Pete Souza/White House file photo

Obama’s Poignant, Feminist Advice to Dads

“It is absolutely men’s responsibility to fight sexism too.”

Men are taken more seriously than women at work. We’re given better feedback, we’re not penalized for asking for raises, and we aren’t criticized for the way our voices sound. We are rewarded for becoming parents, for being assertive, for having sexualities at all–areas where women face stigma. Even our experience of pain is taken more seriously by doctors.

But the privileges come with a cost: Gender stereotyping means that boys and men are expected to behave in pretty limited ways, all of which exalt a traditional, and arguably toxic, version of masculinity.

Using the word “pussy” as an insult, as Clint Eastwood, that purveyor of all-American manhood, just did this week is a great example. In Esquire, he described the acknowledgement of racism in today’s society as a “pussy generation” that is “walking on egg shells.” Presumably, he meant that being sensitive to suffering and the structures that uphold it are both “feminine” and (relatedly) not worthwhile.

Contrast that with a beautiful op-ed President Obama wrote for Glamour this month, which is a step-by-step guide from one of the most powerful men on earth about how to be a better man. It’s about learning to be a better ally to women via fatherhood. For starters, he owns up to the ways in which he has failed his partner:

I’ve seen how Michelle has balanced the demands of a busy career and raising a family. Like many working mothers, she worried about the expectations and judgments of how she should handle the trade-offs, knowing that few people would question my choices. And the reality was that when our girls were young, I was often away from home serving in the state legislature, while also juggling my teaching responsibilities as a law professor. I can look back now and see that, while I helped out, it was usually on my schedule and on my terms. The burden disproportionately and unfairly fell on Michelle.

More potently, he calls attention to his own journey of breaking out of claustrophobic gender norms:

Growing up without a dad, I spent a lot of time trying to figure out who I was, how the world perceived me, and what kind of man I wanted to be. It’s easy to absorb all kinds of messages from society about masculinity and come to believe that there’s a right way and a wrong way to be a man. But as I got older, I realized that my ideas about being a tough guy or cool guy just weren’t me. They were a manifestation of my youth and insecurity. Life became a lot easier when I simply started being myself.

He calls on all of us to help change sexism on our streets and in our schools, workplaces, and homes by making visible the many invisible biases we carry:

We need to keep changing the attitude that raises our girls to be demure and our boys to be assertive, that criticizes our daughters for speaking out and our sons for shedding a tear. We need to keep changing the attitude that punishes women for their sexuality and rewards men for theirs.

We need to keep changing the attitude that permits the routine harassment of women, whether they’re walking down the street or daring to go online. We need to keep changing the attitude that teaches men to feel threatened by the presence and success of women.

We need to keep changing the attitude that congratulates men for changing a diaper, stigmatizes full-time dads, and penalizes working mothers. We need to keep changing the attitude that values being confident, competitive, and ambitious in the workplace—unless you’re a woman. Then you’re being too bossy, and suddenly the very qualities you thought were necessary for success end up holding you back.

We need to keep changing a culture that shines a particularly unforgiving light on women and girls of color. Michelle has often spoken about this. Even after achieving success in her own right, she still held doubts; she had to worry about whether she looked the right way or was acting the right way—whether she was being too assertive or too “angry.”

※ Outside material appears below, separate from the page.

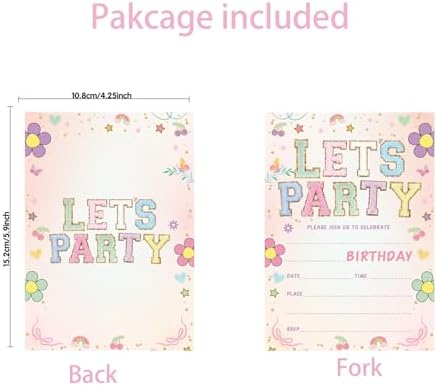 Lets Party Birthday Invitations - Cute Flower - 20Pcs Double-Sided Fill-In Cards Envelopes
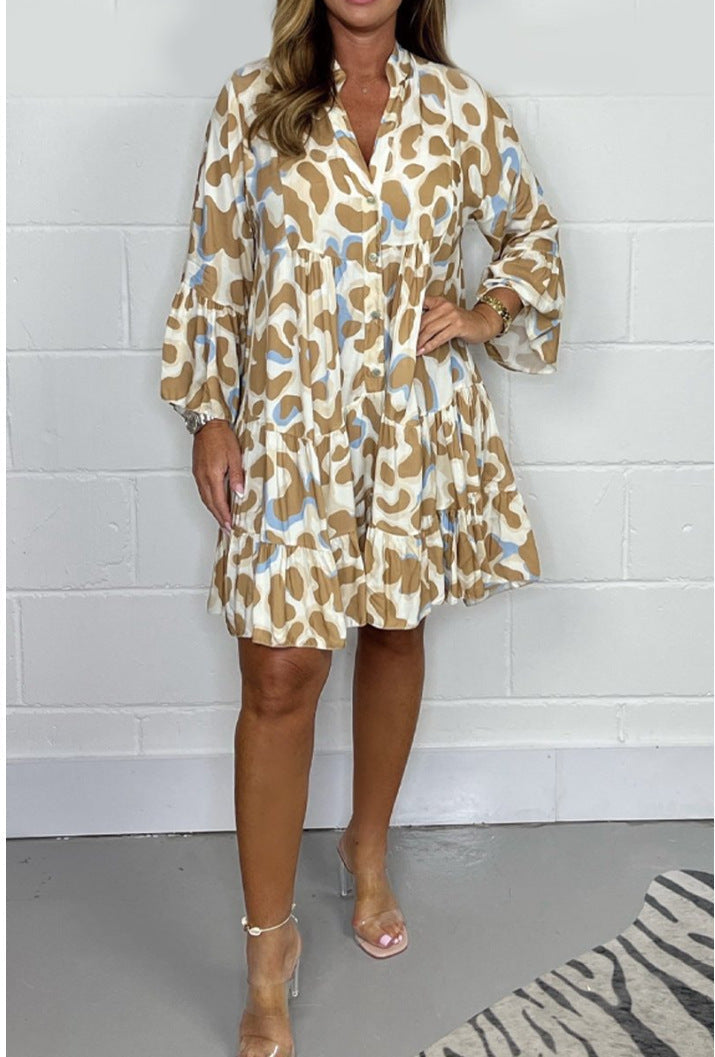 Quentine™ - Casual Fashion Print V-Neck Dress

Finally, he appeals to parents, and to fathers in particular, to use the word “feminist” and to be allies to the women in their lives:

Michelle and I have raised our daughters to speak up when they see a double standard or feel unfairly judged based on their gender or race—or when they notice that happening to someone else. It’s important for them to see role models out in the world who climb to the highest levels of whatever field they choose. And yes, it’s important that their dad is a feminist, because now that’s what they expect of all men.

It is absolutely men’s responsibility to fight sexism too. And as spouses and partners and boyfriends, we need to work hard and be deliberate about creating truly equal relationships.

This isn’t the first time President Obama has called himself a feminist (“I may be a little grayer than I was eight years ago, he told the firstUnited States Women Summit in June, “but this is what a feminist looks like”). It is, however, rare to hear any man, much less the US president, speak to men explicitly about how making a better world for our partners and daughters and friends starts by first looking at one’s own relationship to masculinity.